TASK: Nothing but an exact copy is wanted: the line with "اليوفي وريال مدريد يتفوقان على الجميع" and each line after it in the data below, last line included.

PROVIDED ENTRIES:
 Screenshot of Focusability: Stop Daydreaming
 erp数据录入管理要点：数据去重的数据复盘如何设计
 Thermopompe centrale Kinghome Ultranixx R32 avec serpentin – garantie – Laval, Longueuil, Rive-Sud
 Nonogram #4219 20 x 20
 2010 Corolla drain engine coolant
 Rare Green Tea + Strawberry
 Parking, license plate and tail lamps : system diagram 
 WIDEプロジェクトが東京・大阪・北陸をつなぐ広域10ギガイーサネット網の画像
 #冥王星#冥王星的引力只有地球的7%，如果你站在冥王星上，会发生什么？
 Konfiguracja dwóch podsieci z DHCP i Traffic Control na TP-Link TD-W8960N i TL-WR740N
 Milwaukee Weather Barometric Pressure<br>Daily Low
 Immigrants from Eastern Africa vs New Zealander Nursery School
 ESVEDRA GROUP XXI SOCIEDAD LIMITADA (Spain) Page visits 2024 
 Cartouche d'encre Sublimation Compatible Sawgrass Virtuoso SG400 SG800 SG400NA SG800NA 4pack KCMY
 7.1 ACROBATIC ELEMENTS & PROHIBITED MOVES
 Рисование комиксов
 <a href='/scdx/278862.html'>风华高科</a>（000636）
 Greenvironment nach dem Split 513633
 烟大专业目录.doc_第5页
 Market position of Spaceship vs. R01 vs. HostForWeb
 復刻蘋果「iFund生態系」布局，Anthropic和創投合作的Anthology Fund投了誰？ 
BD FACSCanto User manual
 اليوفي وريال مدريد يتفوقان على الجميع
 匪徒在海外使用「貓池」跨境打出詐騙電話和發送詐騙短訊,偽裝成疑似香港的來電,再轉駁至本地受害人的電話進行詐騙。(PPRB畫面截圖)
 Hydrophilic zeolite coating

EXERCISE RESPONSE:
 اليوفي وريال مدريد يتفوقان على الجميع
 匪徒在海外使用「貓池」跨境打出詐騙電話和發送詐騙短訊,偽裝成疑似香港的來電,再轉駁至本地受害人的電話進行詐騙。(PPRB畫面截圖)
 Hydrophilic zeolite coating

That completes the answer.